Correct: it only influences whether the filesystem is valid. It must be nonzero on all valid FAT12 or FAT16 filesystems, and it must be zero on all valid FAT32 filesystems.

bzt wrote:
I don't know where you get that pseudocode either. This is clearly not how TianoCore logic works.

You're missing the rest of the code, which appears later:
Code:
  if (FatType != Fat32) {
    if (Volume->MaxCluster >= FAT_MAX_FAT16_CLUSTER) {
      return EFI_VOLUME_CORRUPTED;
    }

    FatType = Volume->MaxCluster < FAT_MAX_FAT12_CLUSTER ? Fat12 : Fat16;
    /* irrelevant code removed */
  } else {
    if (Volume->MaxCluster < FAT_MAX_FAT16_CLUSTER) {
      return EFI_VOLUME_CORRUPTED;
    }
    /* irrelevant code removed */
  }


bzt wrote:
a) we can see there's absolutely no number of cluster check before setting "FatType = Fat32", just a "BPB_FATSz16 == 0" check.

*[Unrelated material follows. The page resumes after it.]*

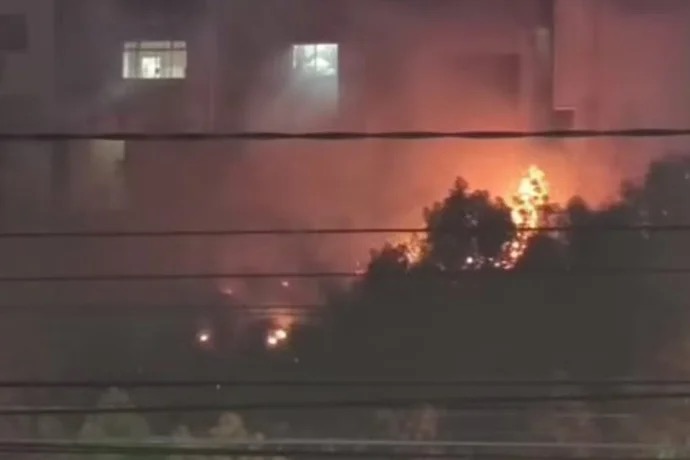 Chamas e fumaça em terreno baldio à noite no bairro Jardim Laura, São Bernardo
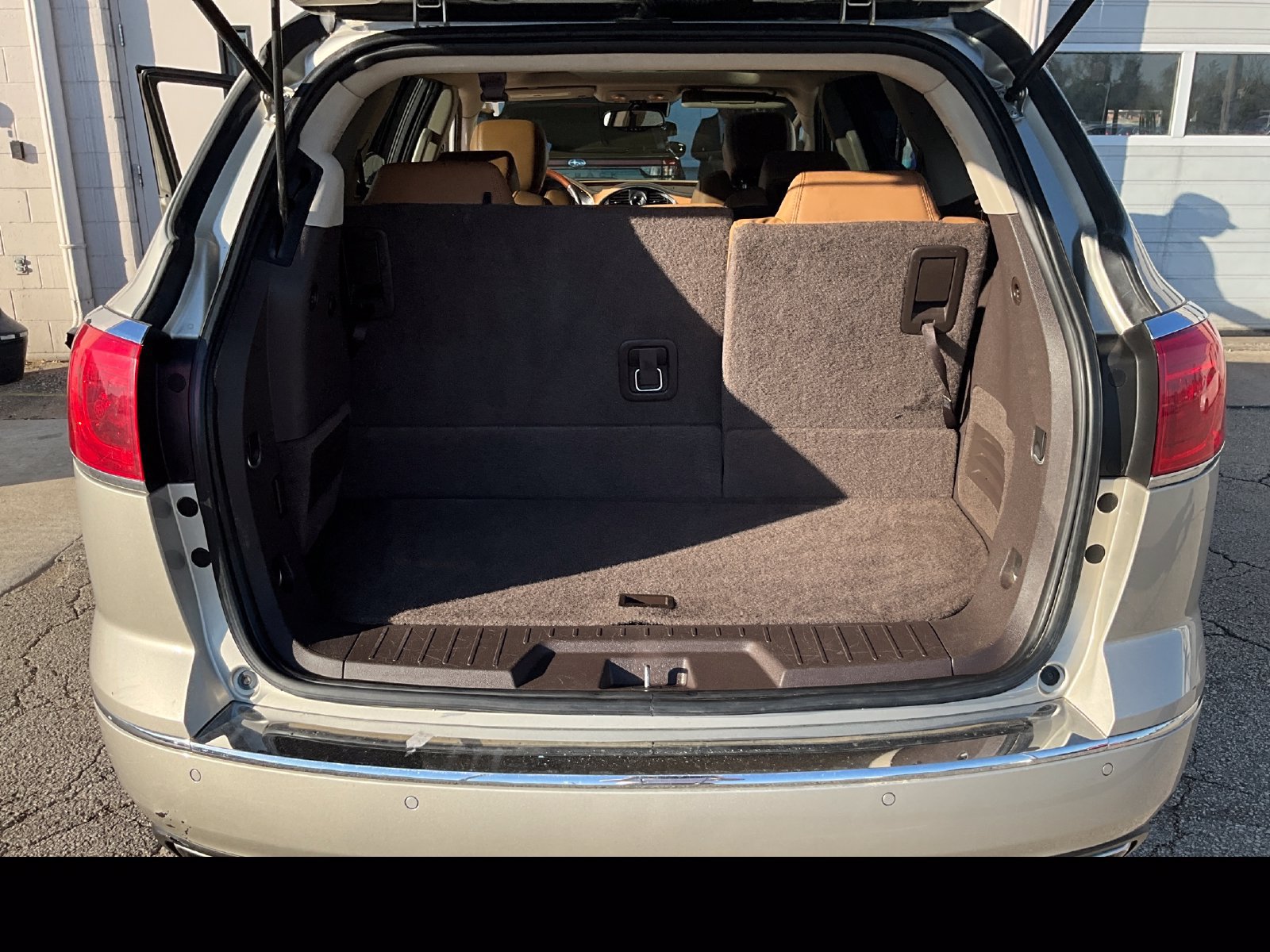 Used 2016 Buick Enclave Premium w/ Experience Buick Package FWD image 24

It doesn't need to be. Tianocore will refuse to read or write an invalid filesystem, so it doesn't matter if Tianocore incorrectly detects an invalid FAT16 filesystem as FAT32 (before rejecting it as invalid).

bzt wrote:
b) in your second pseudocode, you have the "if( clusters < 4085 )" check in both branches, however there's no such thing in TianoCore. The "FAT_MAX_FAT12_CLUSTER" define appears just one time, in one branch only, for the "if (FatType != Fat32) {" condition in a trinary operator, that's it (line 327).

The Tianocore developers found an optimization: 4085 is less than 65525, so you only need to check if there are less than 65525 clusters to know that it's not a valid FAT32 filesystem.

bzt wrote:
There's nothing in the on-disk format that would prevent you from creating a 64Mb FAT32 image with 64 sectors per clusters.

Sure, but it wouldn't have enough clusters to be valid.